■ WORK REQUIRED ■
Omit every picture. Return all other data as it stands.

■ INFORMATION SUPPLIED ■
★ ★ ★ ★ ★ ★ ★
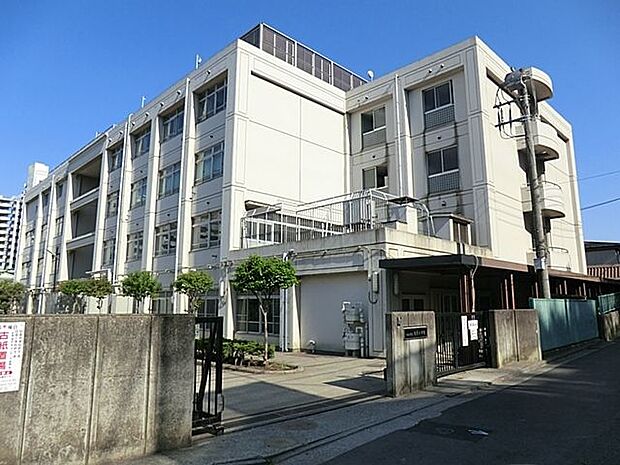 川崎市立日吉小学校 徒歩15分。教育施設が近くに整った、子育て世帯も安心の住環境です。 1130m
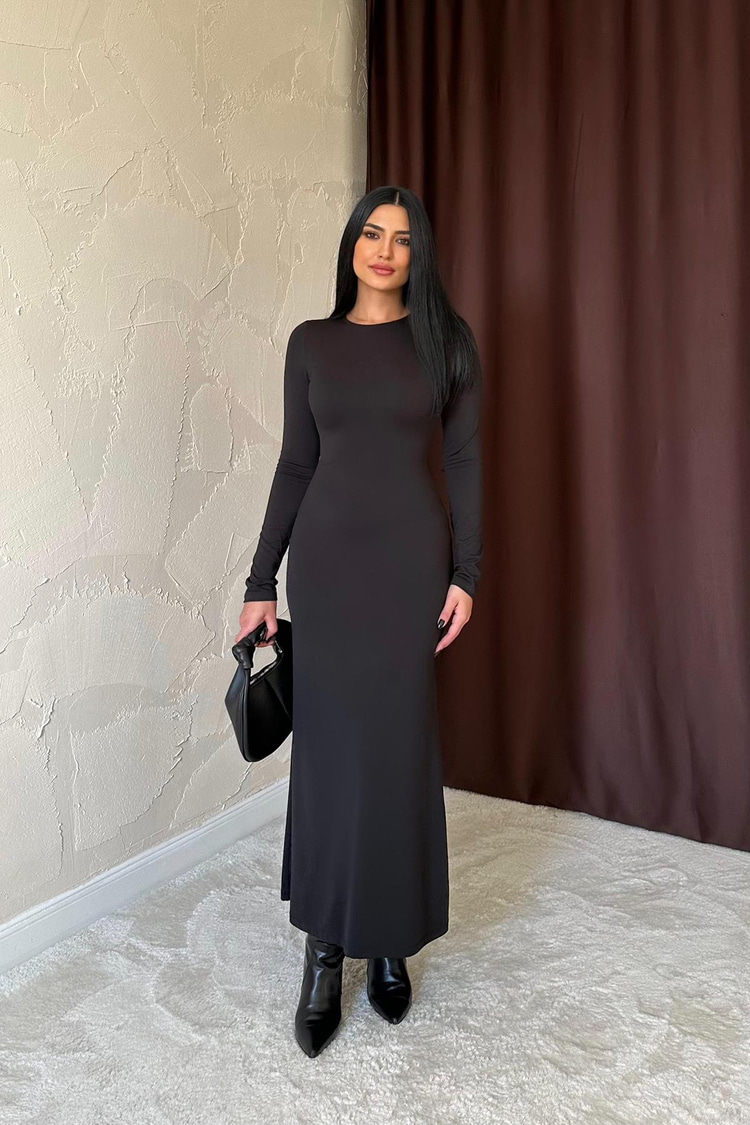 Toptan Siyah Vücudu Saran Uzun Elbise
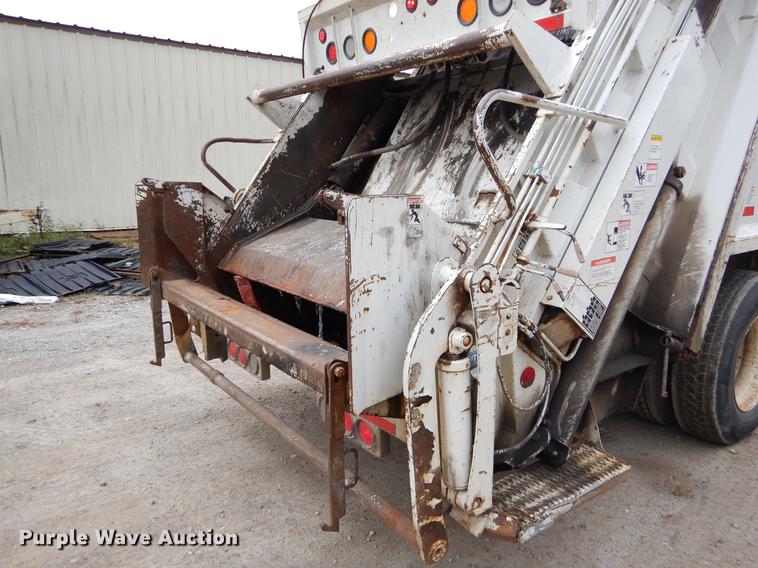 image for item EW9536 2007 Freightliner Business Class M2 refuse truck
★ ★ ★ ★ ★ ★ ★
■ RESPONSE ■
 川崎市立日吉小学校 徒歩15分。教育施設が近くに整った、子育て世帯も安心の住環境です。 1130m
 Toptan Siyah Vücudu Saran Uzun Elbise
 image for item EW9536 2007 Freightliner Business Class M2 refuse truck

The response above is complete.